The rest of us stayed and talked. Fourth Aunt’s husband (my uncle), propped a window open in the kitchen to smoke a cigarette, before coming back, before going back to smoke another, before coming back. There was apples served for dessert, and beer. Like most houses in China, there was no coffee, which I would have killed for. I could not get over how similar the apartment was to a Brooklyn apartment, right down to the small kitchen that could barely fit two people, with the refrigerator that was awkwardly one size too small for the cabinetry around it, and the white stovetop with burns that would never come out. What did it all mean?
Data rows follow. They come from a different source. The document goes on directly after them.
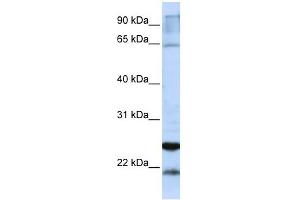 Image no. 1 for anti-Glutathione S-Transferase alpha 4 (GSTA4) (C-Term) antibody (ABIN631150)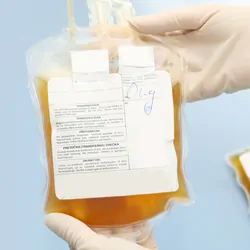 Doctor in a blood bank is holding blood bag with red blood cells
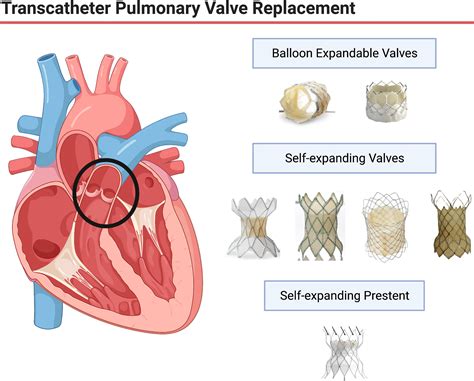 Transcatheter Pulmonary Valve Replacement A Review Of Current Valve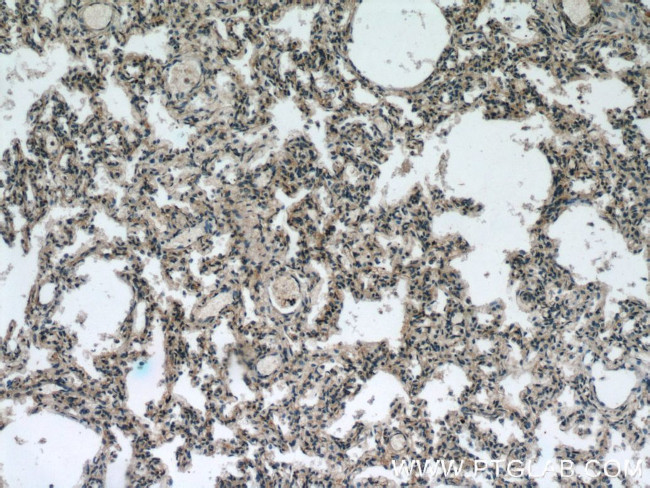 GGT7 Antibody in Immunohistochemistry (Paraffin) (IHC (P))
The last time my Nana and I ever talked, we “Sametimed,” which is the verb my Mom uses for any form of video communication. My Nana called my Mom’s iPad over WeChat, and I called my Mom’s iPhone over FaceTime. My Mom held the two devices so that we faced each other. Over approximately ten frames of video per second, I told my Nana that I loved her and I hoped she was happy. She seemed happy to see me. This was the second day of her fast, when her children were already rushing to take the express trains back home to Taiyuan. Though, if they were like me, they likely felt complicated about calling their hometown home. At some point, home is the apartment that you rent in the new city you live in, even though maybe it never really feels like home because you’re the only person who lives in it. Can a home just be one person? Maybe if the person was rich, and the home had a huge balcony, and the person had great-looking friends over each night. But an apartment with clothes on the floor? My Nana said she loved me too, and then I was told by my Mom that she had to hang up on me. My Dad was going to keep talking to Nana for a while. Bye, Nana, I said. I love you. In Mandarin, and (I suspect) other dialects of Chinese, you don’t say “I love you” to end conversations, the way you might in English, but what else are you supposed to say? We hung up, and I laced up my boots, and I put on my big, blue coat, and I went out. What did it all mean?